The down side of going with the automatic transmission is that the ECM, bc and transmission module all need to be reprogrammed to delete things like traction control, ABS and a bunch of other stuff. Using the stock ECM as a stand alone to control the engine is a simpler approach and an F40 from a 2.8l Saab bolts up easily with the Saab clutch.


I will agree that the stick is the easier route to go but all those things you mentioned still need to be deleted from the program. There is a guy on You Tube that does the auto swaps and he's getting the powertrain to run fine, so it is possible if you are a good programmer.. I am considering this swap as most of the swaps that we have done here including myself use older technology engines.
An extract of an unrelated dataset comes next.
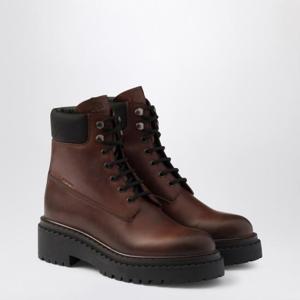 프라다 스니커즈 1T704NG0553LPP Brown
The LFX IMO makes the Fiero a more modern runner.

------------------
" THE BLACK PARALYZER" -87GT 3800SC Series III engine, custom ZZP /Frozen Boost Intercooler setup, 3.4" Pulley, Northstar TB, LS1 MAF, 3" Spintech/Hedman Exhaust, P-log Manifold, Autolite 104's, MSD wires, Custom CAI, 4T65eHD w. custom axles, Champion Radiator, S10 Brake Booster, HP Tuners VCM Suite.
"THE COLUSSUS"
87GT - ALL OUT 3.4L Turbocharged engine, Garrett Hybrid Turbo, MSD ign., modified TH125H
" ON THE LOOSE WITHOUT THE JUICE "

[This message has been edited by Dennis LaGrua (edited 11-18-2018).]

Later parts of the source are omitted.